El Código Pisanelli, 1865 
Los políticos aclamaron el Código Pisanelli como un triunfo de la unificación de Italia. El nuevo Estado se sentía ávido de crecer hasta su formación completa, estirándose a lo largo de toda la península para amparar a toda la población bajo sus leyes. Como dijo un estadista: hemos hecho a Italia, ahora tenemos que hacer a los italianos. Bajo el Código Pisanelli, las mujeres italianas alcanzaron dos derechos memorables: podíamos dictar testamentos para distribuir nuestras propiedades tras nuestra muerte y nuestras hijas podían heredar cosas de nosotras. Lo que escribíamos antes de morirnos nunca se había mostrado tan importante como entonces. En Italia, algunas sopesábamos si podríamos legar a nuestras hijas algún modesto regalo que pudieran hipotecar a cambio de un futuro. (...)

El láudano no mató a Rina Pierangeli Faccio, pero le puso fin a sus días de esposa dócil. La mujer que había sido hasta esa noche estaba muerta, dijo. El doctor le recetó descanso en cama, el marido le hizo reproches. Pero Rina solamente deseaba hablar con su hermana. A menudo eso era lo primero que hacíamos cuando estábamos cambiando: encontrar a una hermana y quedarnos con ella tomando el desayuno en nuestro cuarto. O encontrar a alguna en su cuarto y quedarnos con ella, fingiendo que éramos hermanas si fuese necesario. Las amas de llaves solían abrir los ojos como platos, pero si nos imponíamos, se nos serviría té con leche y tostadas en nuestra habitación sobre bandejas que abarcarían toda la extensión de nuestra cama. (...)

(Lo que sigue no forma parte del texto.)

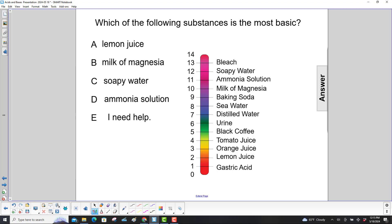Which of the following substances is the most basic? Well, basic substances would have higher pHs, so we're going to look up there. Lemon juice — that's pretty acidic.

Doctor T. Laycock, Tratado sobre los desórdenes nerviosos de las mujeres, 1840 
Cuando escribía acerca de los trastornos nerviosos de las mujeres, el eminente doctor Laycock de York no se ahorró el dar cuenta de que cuanto más tiempo pasaban las jóvenes unas con otras, más excitables e indolentes se volvían. Esta condición puede afectar a las costureras, a las obreras de una fábrica o a cualquier mujer asociada con otras, sea cual sea su número. En particular, advertía, las jóvenes no pueden reunirse unas con otras en las escuelas públicas sin que corran un riesgo severo de excitar las pasiones y de verse arrastradas a entregarse a prácticas nocivas tanto para el cuerpo como para el alma. Novelas, cuchicheos, poemas anónimos, cultura general, dormitorios compartidos: están leyendo las niñas en la cama y al momento ya están leyendo juntas. Lo que puede parecer un afecto de hermanas o un capricho de colegialas debe ser diagnosticado como el pernicioso antecedente de los paroxismos de la histeria. En medio de esas tensiones se contagian fácilmente unas a otras y pueden arrastrar a una catástrofe a familias enteras. Enmienda al Código Pisanelli, 1877 Los derechos que no teníamos en Italia eran los mismos que no habíamos tenido durante siglos, y por eso no vale la pena enumerarlos. Pero en 1877, una modificación del Código Pisanelli permitió a las mujeres actuar como testigos. De pronto, legalmente, podíamos firmar con nuestros nombres lo que nosotras sabíamos que era cierto. Nuestras palabras, que siempre se vieron antes como frívolas e insustanciales, ganaron un peso nuevo al fijarse en una página. También por entonces comenzábamos a darnos cuenta de cómo los perfiles de nuestras puertas y de nuestras dotes estaban emparejados, lo mismo que una caja podía meterse en otra: eso significaba la transferencia de una esposa. Nadie podía abandonar un matrimonio, pero algunas alcanzamos a discernir la forma que les imponía a nuestras vidas. Como dijo un político de la época, en Italia la esclavitud de las mujeres es el único régimen en el que los hombres pueden vivir felizmente. Quiso decir que nosotras mismas éramos el pequeño regalo hipotecado por el futuro de la patria. (...)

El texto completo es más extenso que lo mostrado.